Zee sipped his beer. “Yeah, you keep telling me that.”
“I told Drue I was having a thing with Colleen,” Brice said. “She’d already guessed that much.”
“Vera told me Colleen’s husband was abusive,” Drue said.
“That’s putting it mildly. Allen Hicks was a sadistic drunk,” Brice said.
“Piece of shit dirtbag,” Zee put in. “You know what our big mistake was? We should have taken him out and dumped him in Lake Maggiore that first night at the Dreamland. Let the gators take care of him.”
Brice filled his daughter in on the domestic call the two partners had responded to at the motel, the week before Christmas in 1975.
“There was nothing about that in the file,” Drue said.
The former cops exchanged a meaningful look.
“Colleen refused to press charges,” Brice said. “We never even called it in to dispatch, so there wouldn’t be any paper trail.”
“It started that night,” Brice said, looking miserable. “I thought I was being so damn clever. I told Sherri I had a study group on Thursday nights, but she eventually caught on.”
“And you knew Dad was having an affair with Colleen?” Drue asked Zee.
“It didn’t take a genius.”
“Things ramped up with her so fast, I didn’t realize, until it was too late, that Colleen had emotional problems,” Brice said.
“Total head case,” Zee agreed, swirling his finger beside his face.
“I guess it was in July when she really started talking crazy. Allen beat her up pretty bad. I kept telling her she should leave him, get a divorce. I offered to help her, but I was very clear that I was never going to leave Sherri.”
“You’d screw around on Mom, but you didn’t want a divorce?” Drue asked, her voice dripping scorn.
“Believe it or not, I loved your mom. Through everything, God help me, I loved her. When things got really crazy with Colleen, I realized, too late, that I wanted to make my marriage work. Your mom and I had a life together. We had plans.
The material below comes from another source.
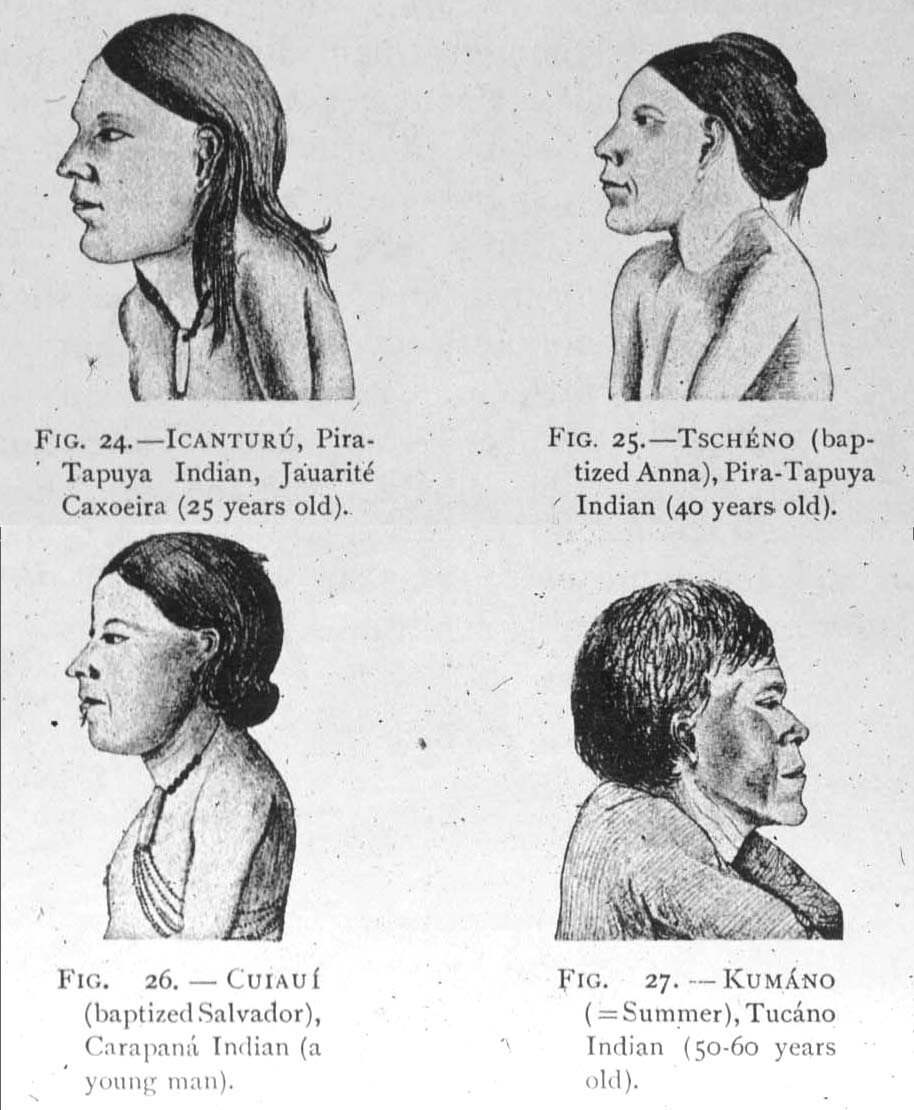 Historical Ethnographic Portraits of Indigenous Brazilians - 19th-Century Illustrations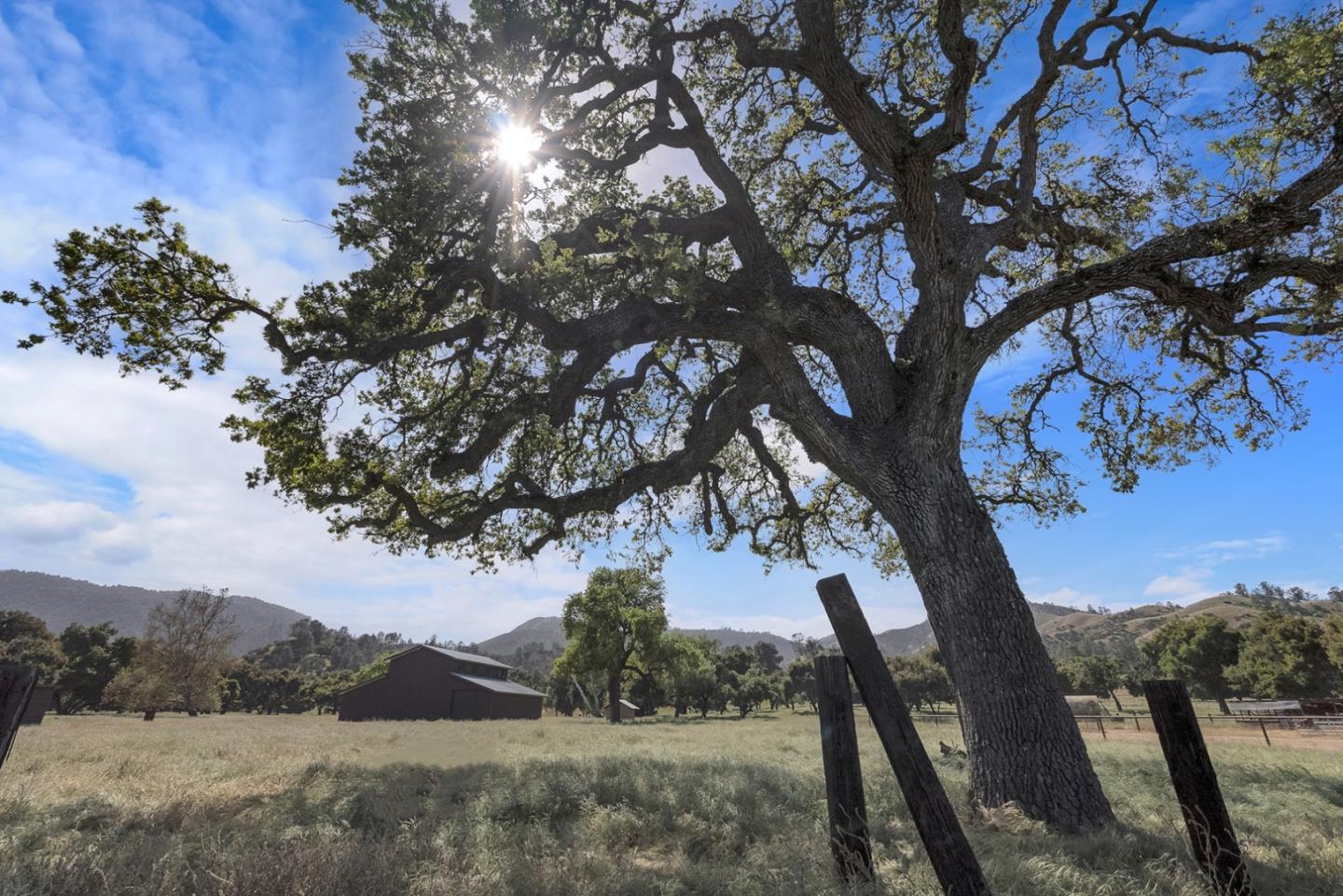 Detail Gallery Image 30 of 39 For 770 Limekiln Rd, Hollister,  CA 95023 - – Beds | – Baths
I was going to go to law school, we were gonna have kids.” He sighed and fished the olive out of his martini.
“And what did Colleen want?” Drue asked.
“She wanted to run away, assume a new identity, a new life. When I told her there was no way I’d leave, things got ugly. She got hysterical, made threats. She was stalking me, driving past the house. She even went to the office where your mom worked, to check her out! I didn’t find out ’til later that Sherri knew exactly who Colleen was.”
“What happened next?”
“She was calling me all the time, driving past the house, acting so crazy, I thought I’d lose my mind,” Brice said. “I couldn’t sleep. I got ulcers.” He looked over at his former partner.